Would you transcribe the lines running from the one that holds "this 468×264 image." to the last line of the records? Leave every picture out.

# [Data records]
○ ○ ○ ○ ○
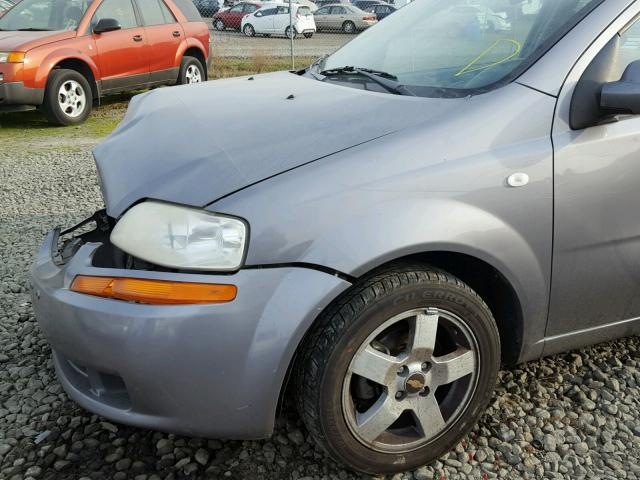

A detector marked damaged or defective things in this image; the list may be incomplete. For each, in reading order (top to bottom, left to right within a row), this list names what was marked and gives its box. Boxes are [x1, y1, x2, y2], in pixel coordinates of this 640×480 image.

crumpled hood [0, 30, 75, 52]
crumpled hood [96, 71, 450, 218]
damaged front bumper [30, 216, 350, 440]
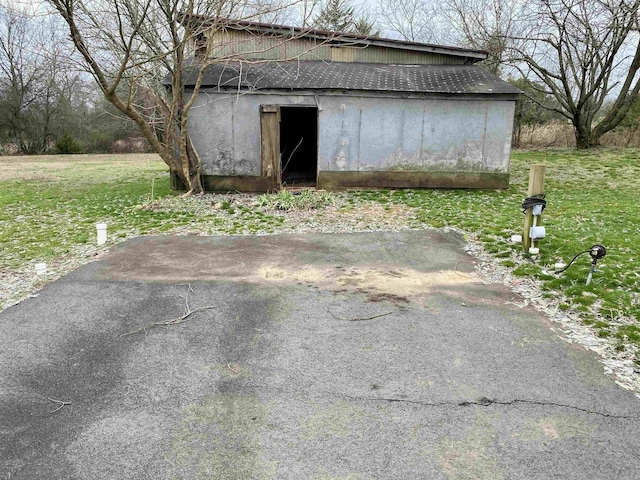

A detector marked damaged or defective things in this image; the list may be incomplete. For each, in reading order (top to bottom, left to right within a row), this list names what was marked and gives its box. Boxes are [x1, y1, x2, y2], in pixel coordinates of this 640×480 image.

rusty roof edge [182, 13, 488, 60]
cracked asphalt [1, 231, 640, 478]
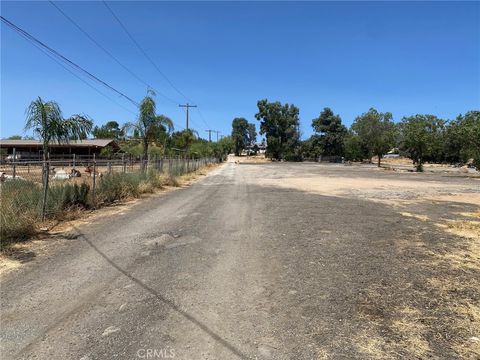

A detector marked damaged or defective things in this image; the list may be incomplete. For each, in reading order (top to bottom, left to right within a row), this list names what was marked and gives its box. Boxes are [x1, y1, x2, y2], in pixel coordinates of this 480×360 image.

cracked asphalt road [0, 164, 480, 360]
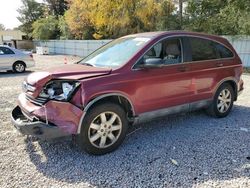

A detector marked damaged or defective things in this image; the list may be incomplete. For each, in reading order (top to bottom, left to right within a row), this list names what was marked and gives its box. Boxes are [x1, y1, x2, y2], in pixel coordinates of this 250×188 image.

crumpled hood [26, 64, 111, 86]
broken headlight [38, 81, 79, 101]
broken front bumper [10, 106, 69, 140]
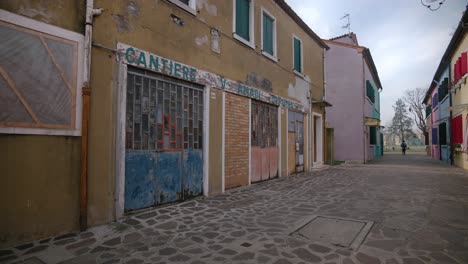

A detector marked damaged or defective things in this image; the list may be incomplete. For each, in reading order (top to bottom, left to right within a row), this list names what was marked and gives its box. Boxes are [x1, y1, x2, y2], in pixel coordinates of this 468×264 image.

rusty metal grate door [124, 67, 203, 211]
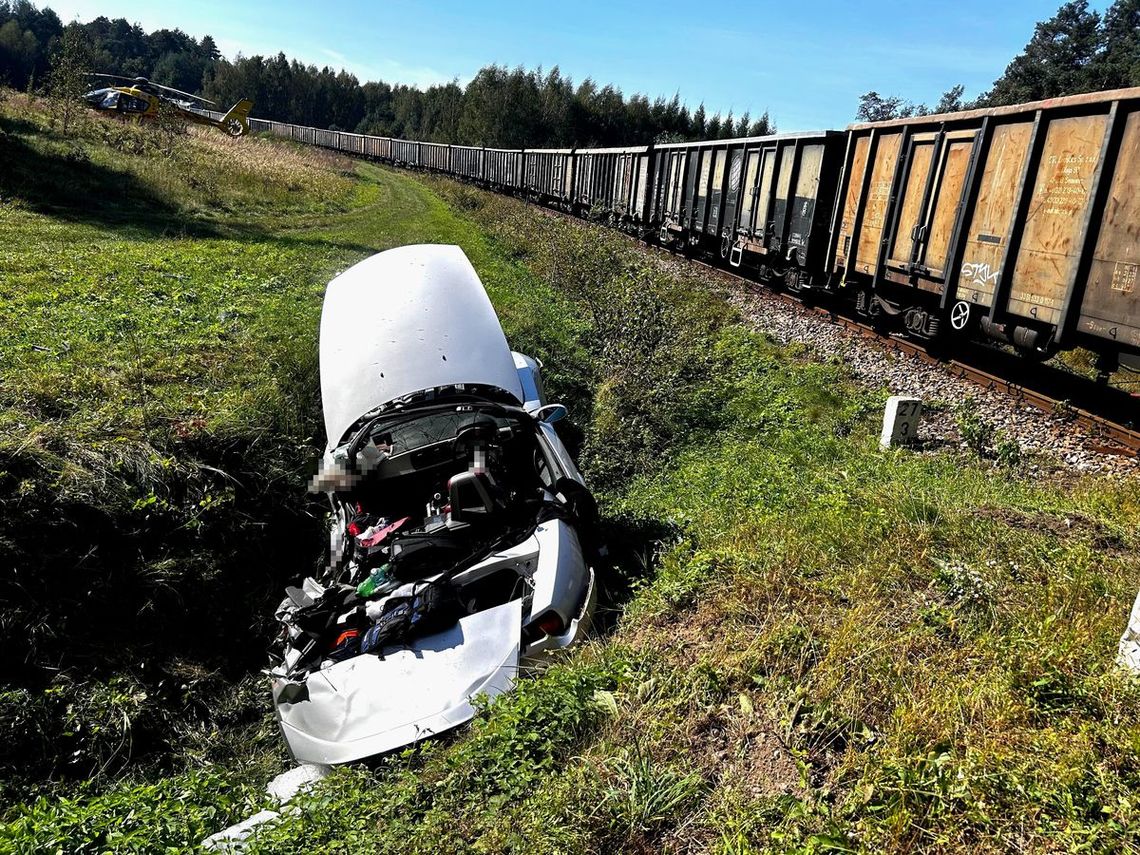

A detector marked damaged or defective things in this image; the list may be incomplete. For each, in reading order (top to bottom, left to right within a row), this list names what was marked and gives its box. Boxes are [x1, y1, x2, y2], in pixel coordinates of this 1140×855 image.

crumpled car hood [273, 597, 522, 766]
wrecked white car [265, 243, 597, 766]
○ ○ ○ ○ ○
# [Response to this task]
A detector marked damaged or defective things in this image; the list may be incomplete. For each, in reading order (top to bottom, left to right within a row), this list names what was marked and gives its box. Boxes are [x1, y1, x2, y2], in pixel coordinates of this 468×264 image.

rusty metal grate door [124, 67, 203, 211]

A detector marked damaged or defective things in this image; the list may be incomplete. For each, in reading order (top to bottom, left to right within a row), this list names what was marked and gives its box. Boxes are [x1, y1, x2, y2], in pixel coordinates of this 1140×855 image.

crumpled car hood [273, 597, 522, 766]
wrecked white car [265, 243, 597, 766]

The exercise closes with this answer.